Wintergirls is a narrative told in first-person by a girl who has anorexia. There are a lot of books out there about anorexic or bulimic girls, but rarely do you find a book that deals with them from the first-person point of view. From my position as a hoping-to-be-someday-in-the-future author, the idea of writing about such a disease from the first-person is intimidating. Like, super intimidating. And by nature, I think, the book is going to be intense. Wintergirls is very intense. I've never had an eating disorder. I've had/have a lot of friends who have. I know what it feels like to constantly worry about your body and always feel too fat--but I know that's not the same experience as actually starving yourself or binging and purging.

I think this book is brave. And I think it's really well done. It felt real to me. I felt like I was going a little crazy as a read it. It felt honest. It doesn't focus only on the main character's issue with eating, because I don't think eating disorders are ever just about eating. There's so much more connected. Like I said, it was intense, and even disturbing at times.

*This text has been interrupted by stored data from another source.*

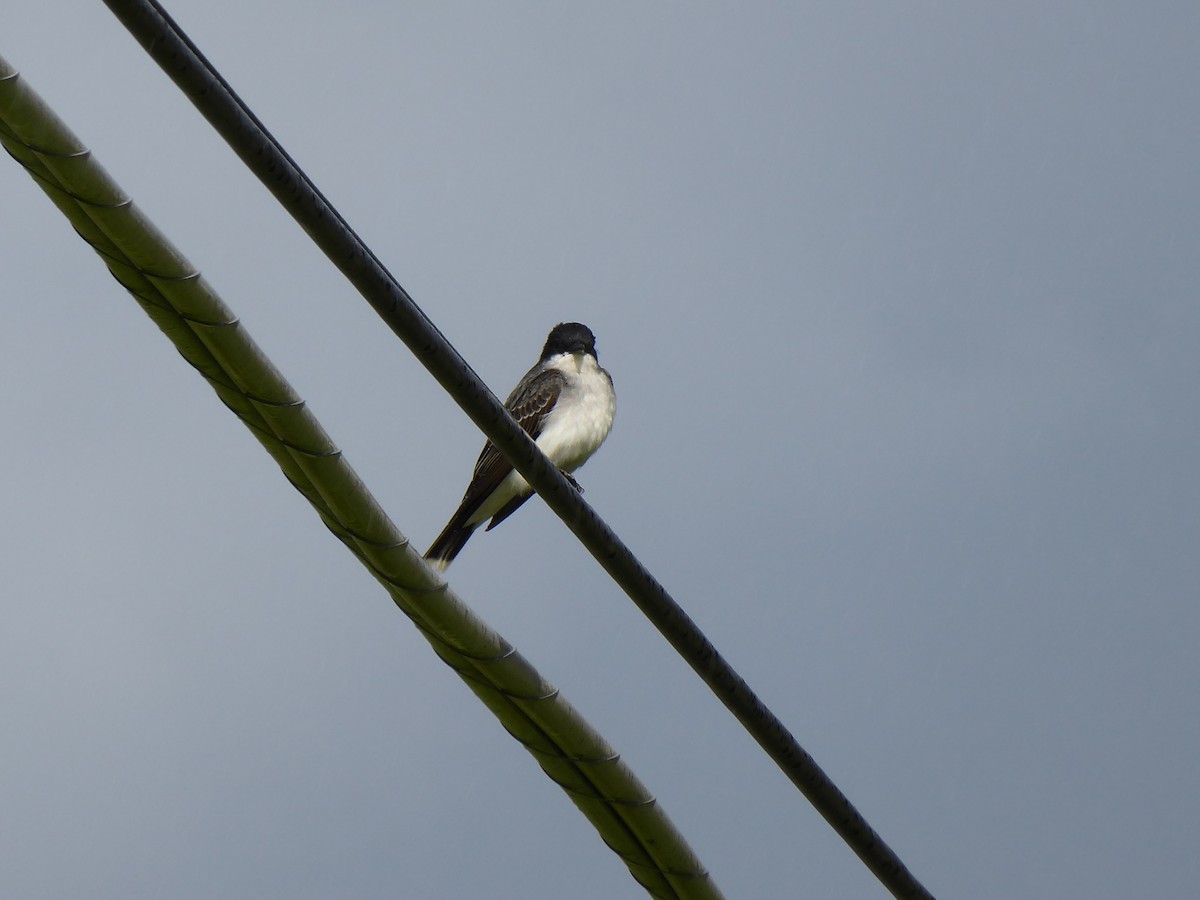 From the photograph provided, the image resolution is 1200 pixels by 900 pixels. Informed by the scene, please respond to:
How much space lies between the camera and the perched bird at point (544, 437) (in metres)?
8.48

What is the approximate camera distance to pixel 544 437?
8656 mm

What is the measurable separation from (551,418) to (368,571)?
587 centimetres

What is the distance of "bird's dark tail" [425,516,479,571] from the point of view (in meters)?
8.53

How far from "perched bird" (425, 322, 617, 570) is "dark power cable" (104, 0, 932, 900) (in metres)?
5.32

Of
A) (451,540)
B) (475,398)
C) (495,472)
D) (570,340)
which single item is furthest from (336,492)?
Result: (570,340)

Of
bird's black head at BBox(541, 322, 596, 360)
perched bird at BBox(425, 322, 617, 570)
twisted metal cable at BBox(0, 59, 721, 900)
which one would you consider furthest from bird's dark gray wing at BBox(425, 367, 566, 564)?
twisted metal cable at BBox(0, 59, 721, 900)

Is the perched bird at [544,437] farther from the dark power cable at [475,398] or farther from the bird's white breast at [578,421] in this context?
the dark power cable at [475,398]

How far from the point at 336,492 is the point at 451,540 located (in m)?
5.93

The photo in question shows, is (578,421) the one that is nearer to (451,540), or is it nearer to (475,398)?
(451,540)

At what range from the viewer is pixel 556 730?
295 centimetres

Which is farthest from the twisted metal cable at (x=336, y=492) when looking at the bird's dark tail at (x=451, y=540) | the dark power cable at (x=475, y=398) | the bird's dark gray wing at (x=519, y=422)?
the bird's dark tail at (x=451, y=540)

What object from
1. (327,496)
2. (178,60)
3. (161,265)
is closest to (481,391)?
(327,496)

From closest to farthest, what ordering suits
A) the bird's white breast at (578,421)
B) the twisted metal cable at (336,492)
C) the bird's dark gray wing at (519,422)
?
the twisted metal cable at (336,492) → the bird's dark gray wing at (519,422) → the bird's white breast at (578,421)

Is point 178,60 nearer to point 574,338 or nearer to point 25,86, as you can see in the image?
point 25,86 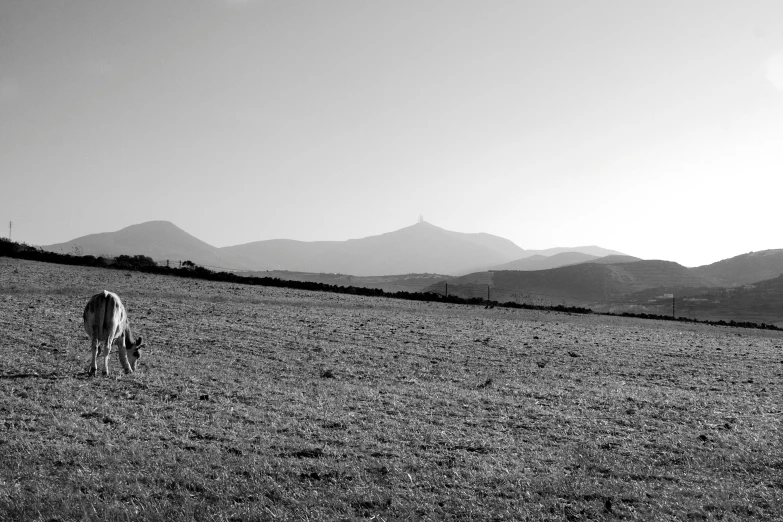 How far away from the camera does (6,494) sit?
6.94 m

I don't want to put my foot in my mouth (I'm an expert at this. If you want to know how, just ask me sometime. I have an easy two-step method. You won't even have to think about it--I never do). But here's the deal: so many girls have eating disorders. And I think it's something that's hard to understand if you've never been there. Well, this book helped me understand a little bit. That's all.

Carol also said that we write what we know and we write what we're interested in. We learn and learn and learn and learn, and then we know.

I don't recommend this book if you're feeling depressed or emotionally/mentally unstable. That probably sounds way too strong. For a comparison: The Bell Jar made me feel like I was losing it a bit. That's just me.